**What you should do:** Return nothing but the lines from the one with "In the fourth" through the one with "You can pause" in the data below, word for word and without pictures.

Stored data:
----

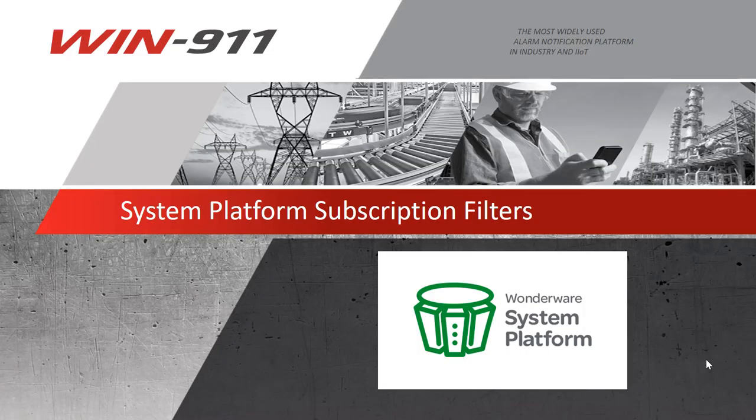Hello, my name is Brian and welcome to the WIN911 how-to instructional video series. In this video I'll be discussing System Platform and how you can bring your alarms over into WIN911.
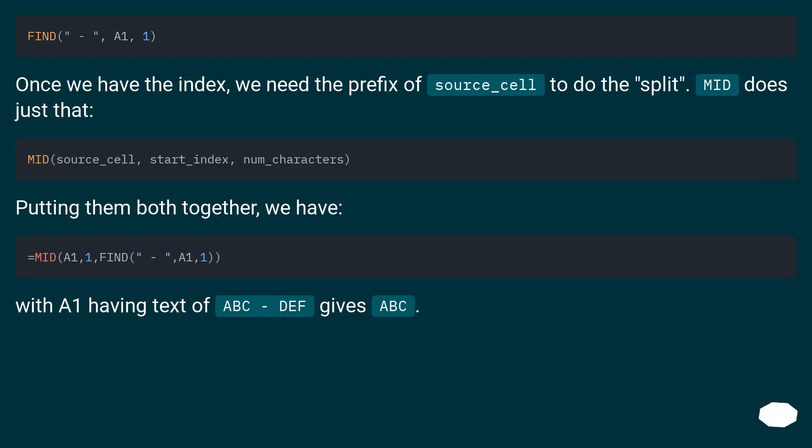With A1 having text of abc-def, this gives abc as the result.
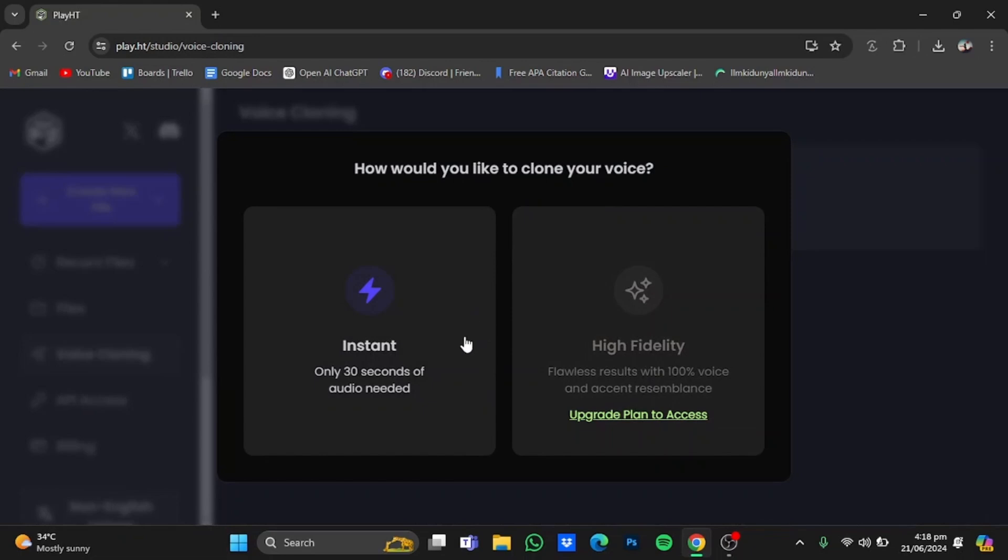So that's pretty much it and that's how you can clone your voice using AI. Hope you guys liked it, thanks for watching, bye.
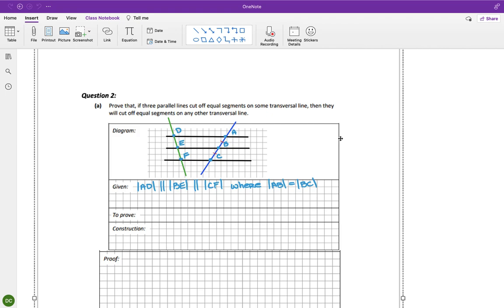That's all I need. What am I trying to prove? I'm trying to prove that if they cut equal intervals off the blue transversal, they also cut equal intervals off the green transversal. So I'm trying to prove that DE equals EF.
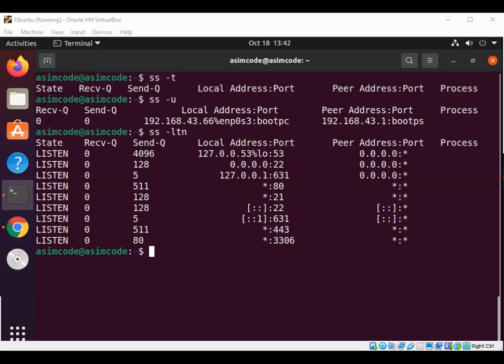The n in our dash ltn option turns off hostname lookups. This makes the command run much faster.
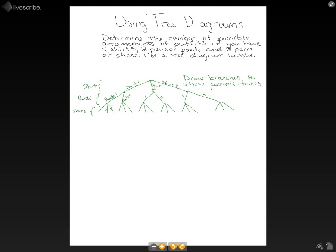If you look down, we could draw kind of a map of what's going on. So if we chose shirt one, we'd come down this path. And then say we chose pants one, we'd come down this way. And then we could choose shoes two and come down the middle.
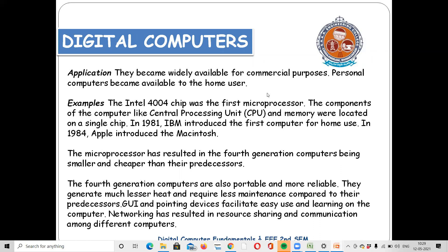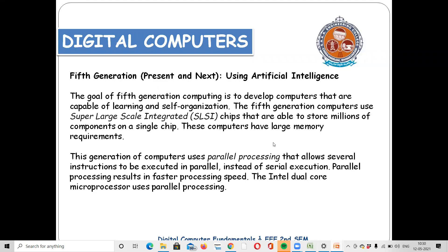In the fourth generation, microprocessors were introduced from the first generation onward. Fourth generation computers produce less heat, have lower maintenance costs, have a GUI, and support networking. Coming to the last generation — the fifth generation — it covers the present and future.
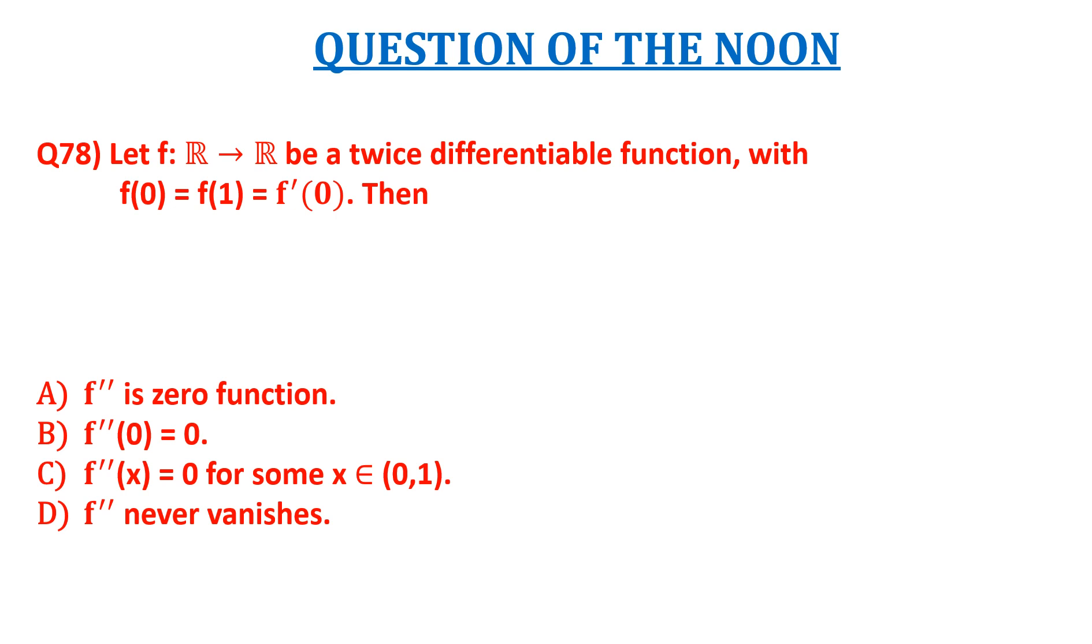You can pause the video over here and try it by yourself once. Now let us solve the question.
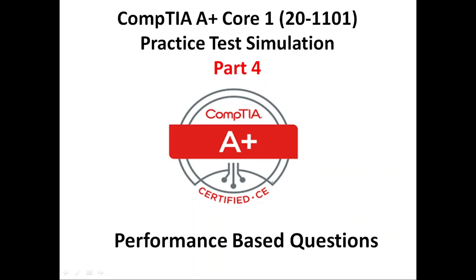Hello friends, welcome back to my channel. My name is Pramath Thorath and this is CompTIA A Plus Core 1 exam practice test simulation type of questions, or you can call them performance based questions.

----

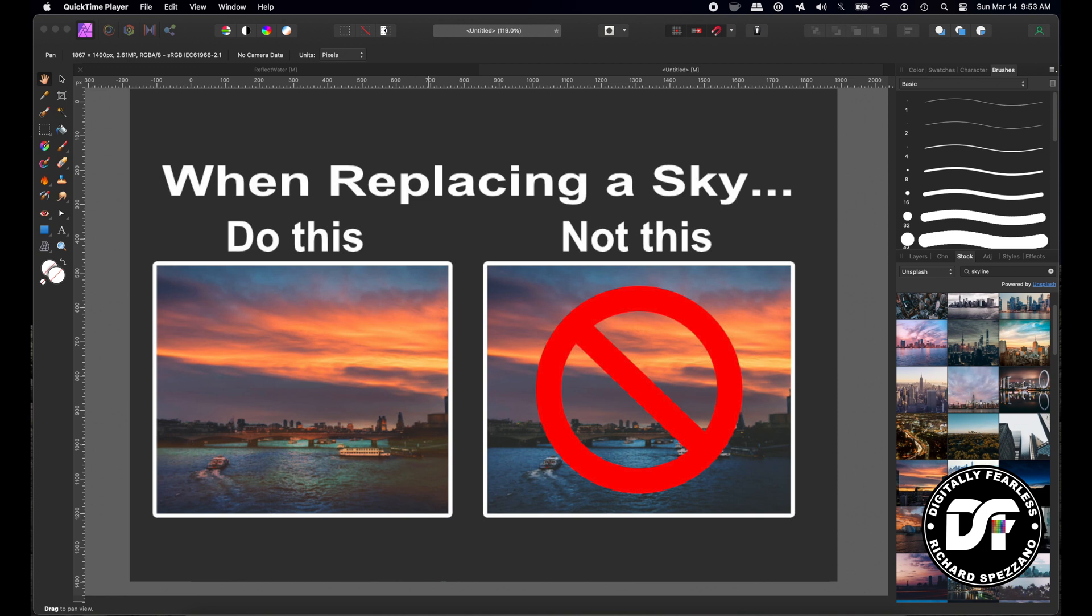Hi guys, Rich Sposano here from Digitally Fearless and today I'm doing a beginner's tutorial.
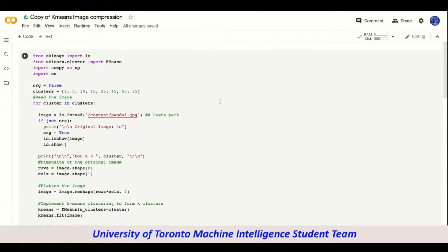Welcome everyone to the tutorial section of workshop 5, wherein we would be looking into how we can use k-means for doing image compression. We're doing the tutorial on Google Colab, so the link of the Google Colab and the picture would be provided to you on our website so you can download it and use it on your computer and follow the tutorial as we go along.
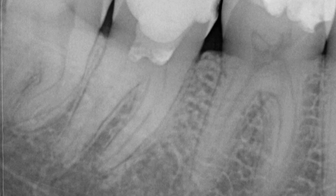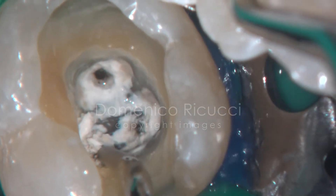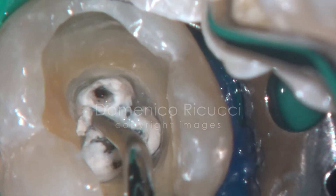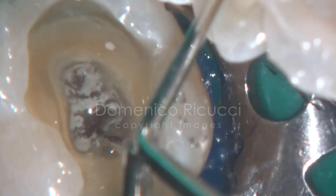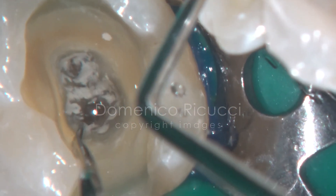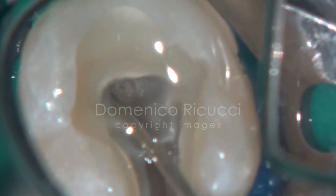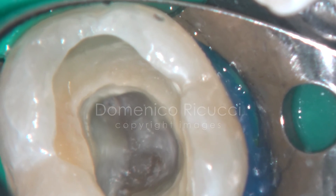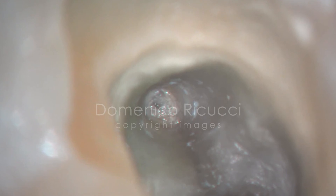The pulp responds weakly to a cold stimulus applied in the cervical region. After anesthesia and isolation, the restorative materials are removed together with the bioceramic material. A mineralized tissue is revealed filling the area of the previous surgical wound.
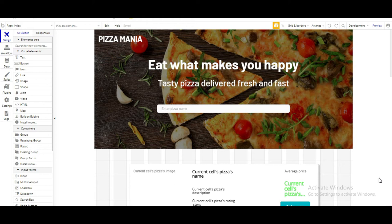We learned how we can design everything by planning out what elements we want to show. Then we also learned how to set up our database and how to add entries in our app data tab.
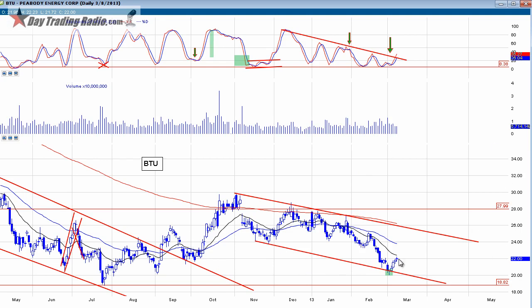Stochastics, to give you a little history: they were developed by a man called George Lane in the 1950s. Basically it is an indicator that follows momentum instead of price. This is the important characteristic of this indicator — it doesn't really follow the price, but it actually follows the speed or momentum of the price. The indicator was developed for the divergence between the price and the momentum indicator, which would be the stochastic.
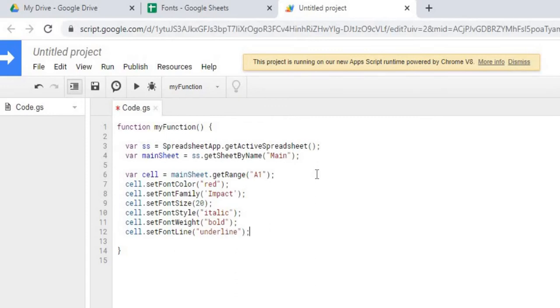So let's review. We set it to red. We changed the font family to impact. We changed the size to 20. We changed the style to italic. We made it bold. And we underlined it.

----

**Exercise result:**
In the fourth generation, microprocessors were introduced from the first generation onward. Fourth generation computers produce less heat, have lower maintenance costs, have a GUI, and support networking. Coming to the last generation — the fifth generation — it covers the present and future.
You can pause the video over here and try it by yourself once. Now let us solve the question.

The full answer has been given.